参考リンク: 橋本努(北海道大学)氏の「学生生活のヒント」。橋本氏は『学問の技法』(ちくま新書、2013年)という本も出しています。


3 学術的な探究の技術

 以下では、学術論文を書けるようになるための手順を、段階を追って略述します。

3-1. レジュメの作成

(1)レジュメとは何か

 レジュメとは、対象となる本や論文の構成と要点を的確にまとめ、それにたいする疑問点・論点を提示したものです。レジュメを作成し、口頭で報告することは、学術的な文章を予断を入れずに正確に理解し、自分の言葉で説明するための訓練に相当します。

(2)レジュメの作り方

・図式化

 レジュメで最も重要なことは、文献の構成を図式化(チャート化)し、明示することです。全体の論理構造がひと目で分かるような工夫が必要になります。

 例 矢印、太字、四角で囲む、波線など

 文献の構成が一貫していなかったり、見出しが付いていなかった場合は、自分で再構成したり、よりよい「見出し」を付けたりすることも必要になります。

 例 新聞の紙面: 大見出し → 小見出し → 概要 → 本文

・箇条書き

 レジュメの基本は、文章ではなく箇条書き(体言止め)です。直接の引用は全体のキーワード(と核心的な文章)のみにとどめ、できるかぎり自分なりにまとめなおします。

・ページ数をつける

 自分用のレジュメであれ、報告用のレジュメであれ、適時ページ数を入れて、文献のどの部分を要約したのかを明示しておくことをおすすめします。自分で論文を執筆するさい、何ページの要約であったのかがレジュメに書いていないと、もう一度本を読みなおすことになってしまい、大変非効率です。

・論点の提示

 それ以外に注意すべき点として、文献の内容と、自分の意見や論点を区別する、という点があります。疑問点や論点は、要約とは区別し、最後にまとめるようにします。

 なぜレジュメの最後に論点を入れる必要があるのでしょうか。文献の内容を理解するだけでなく、著者の主張をより発展させ、現代の問題と結びつけたり、他の本の議論と対比したり、自分の立場から批評を加えたりすることは、将来自分なりの「リサーチ・クエスチョン」を立てるための出発点となるからです。


3-2. 書評

 書評とは、対象となる本の内容を正確に要約し、おなじテーマの研究史の中に位置づけ、最後に自分の視点から批評を加えた文章を指します。書評を書くことは、学術論文を書くための最初の訓練に相当します。

 書評の形式はおよそ以下のとおりです。(学術的な書評のサンプルを知るためには、学会誌の書評欄、『週刊読書人』、『週刊図書新聞』などをご参照ください。)

(1)導入(1〜2割)

 本のテーマ、その背景、著者の紹介など。専門的な書評の場合その分野の一般的な議論状況を示す。

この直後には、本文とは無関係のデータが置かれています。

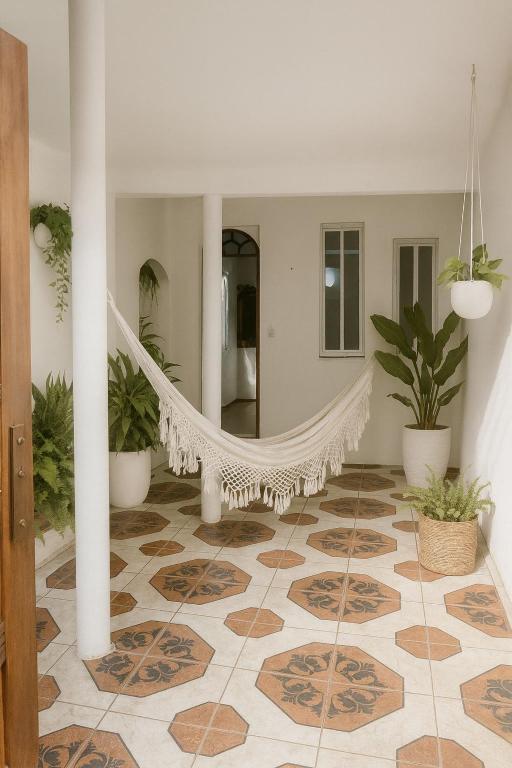 a room with a hammock and potted plants at Casa de Mainha in Salvador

 例 「近年〜の分野では、○○論と××論が主たるアプローチを占めてきた。本書では、△△論というアプローチを用いてこの問題に取り組み、〜〜を明らかにしようとしている。」

(2)構成と要約(6割)

・全体の構成を示す。

 例 「本書は三つの部分から構成されている。第一部では〜〜を論じ、第二部では〜〜を検討した上で、第三部で〜〜を展開している。」

・次に各部分の要約を行なう。引用ではなく自分の言葉で説明しなおす。

 例 「第一部では、筆者は次の二点を論じている。第一に…、第二に…。」

・内容を要約するだけでなく、どういう社会科学的な理論を用いているのか、どういう資料に依拠しているのかをまとめればさらによい。

(3)批評(2〜3割)

 本書の意義を要約し、疑問点や対案を提示する。「感想」を書いたり、「今後の活躍に期待したい」などの漠然とした印象を書くのではなく、本書の内容をさらに発展させるための具体的な批評や提案を行なう。

 例 「評者の感じた疑問点を二点指摘する。」 「本書の内容を発展させるには、次の点に関するさらなる考察(検証)が必要である。」「このテーマにかんして、○○は著者と逆の議論を展開しているが、本書では十分な論駁がなされていない。」 「著者は〜〜の資料に依拠しているが、重要な△△の資料を参照しておらず、データに偏りがある。」